The Nakagin Capsule Hotel Tower in Shimbashi was the first of its kind in the world; a wholly modular building comprised of a concrete stack with latch-points for pre-fabricated one-piece rooms to bolt on to, with a built-in life cycle for obsolescence and upgrade.
The work was the real-life embodiment of master architect Howard Roark’s vision, a character from Ayn Rand’s seminal Objectivist book The Fountainhead- a building so perfectly self-contained, ergonomic, and integrated that it would allow the whole of humanity to live in ultimate comfort with maximum efficiency- the true victory of function over form.
In reality however, it didn’t work out that way.
Construction finished on the Nakagin (Silver Center) Capsule Hotel in 1972, after a two-stage building process; one stage for the capsule boxes, pre-fabricated and furbished at a factory, and the second for the central concrete/steel axis, poured on site. The capsules were designed to be slotted in and out as maintenance/upgrades required. Think of them like components on the Mir space station, or even like Tom Cruise’s detachable room/car in the movie Minority Report.
It was a truly ground-breaking design at the time that seemed to speak to a far cleaner, more renewable future, with all of us living in such cheap production-line housing, with all our needs streamed easily through the building’s central core. However- since the 13 floors of capsules were first quadruple-bolted to the core, not one of them has ever been de-attached. Rather, they have been left to hang, and slowly falter as their systems overload and fail. They were never designed to last for extended periods.
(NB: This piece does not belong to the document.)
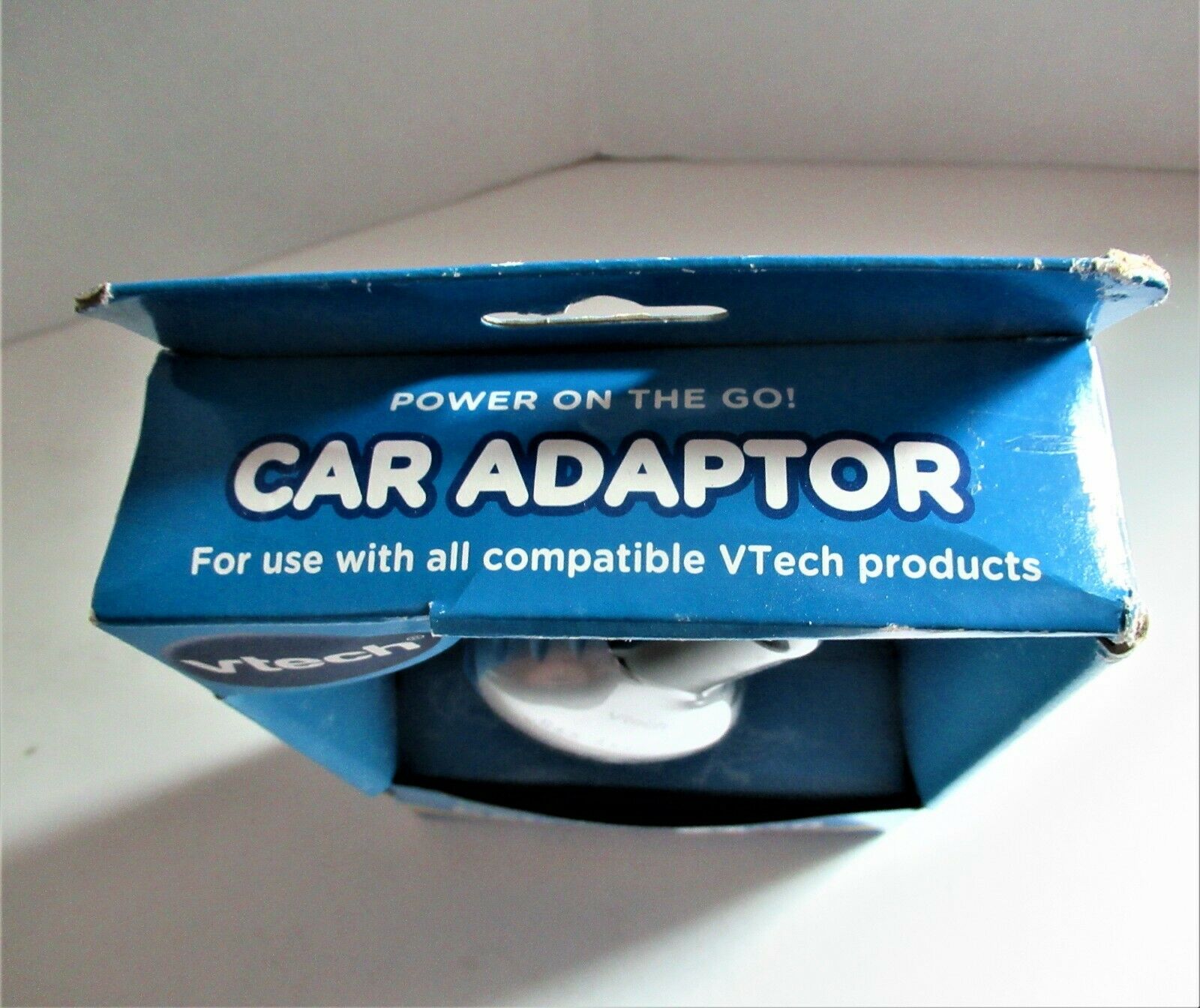 VTech NEW Car Adaptor For Use With All Compatible VTech Products Power On The Go - Fresh Stock Dated December 2025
I heard from one of my students in a nearby building that the place will soon be demolished. I read on the website ‘arcspace‘ that various groups had tried to get the building world heritage status to keep it alive- but I imagine those pleas will fail. It’s prime real-estate, and will doubtless get gobbled up by some CBD-seeking conglomerate.
A close-up of some of the boxes. While once this might have been intended as a hotel, it’s now wholly residential, as evidenced by the ‘No Trespassers’ sign kindly posted in English on the front doors.
The view straight up the front- it’s such a weirdly beautiful building I couldn’t stop taking photos from all angles.
The whole building, including the convenience store and lobby at the bottom.
From a walkway, across the highway, in the rain.
A model room out the front, designed to show-case the wonders of Capsule technology- unfortunately now it is closed, though the kind folks over at arcspace have lent me some of their interior shots- from better days:
Interior- plush, minimalist, futuristic.
All the latest mod-cons built right in. It looks a bit like a Battlestar Galactica set.
I went to visit the place on a rainy weekday afternoon, holding an umbrella over the camera and me the whole time. I thought briefly about attempting to enter, but the security guard inside at his desk, and a very bland lobby visible through the glass doors, plus the ‘No Trespassers’ sign just put me off. Ah well, perhaps I can return when/if it becomes a haikyo.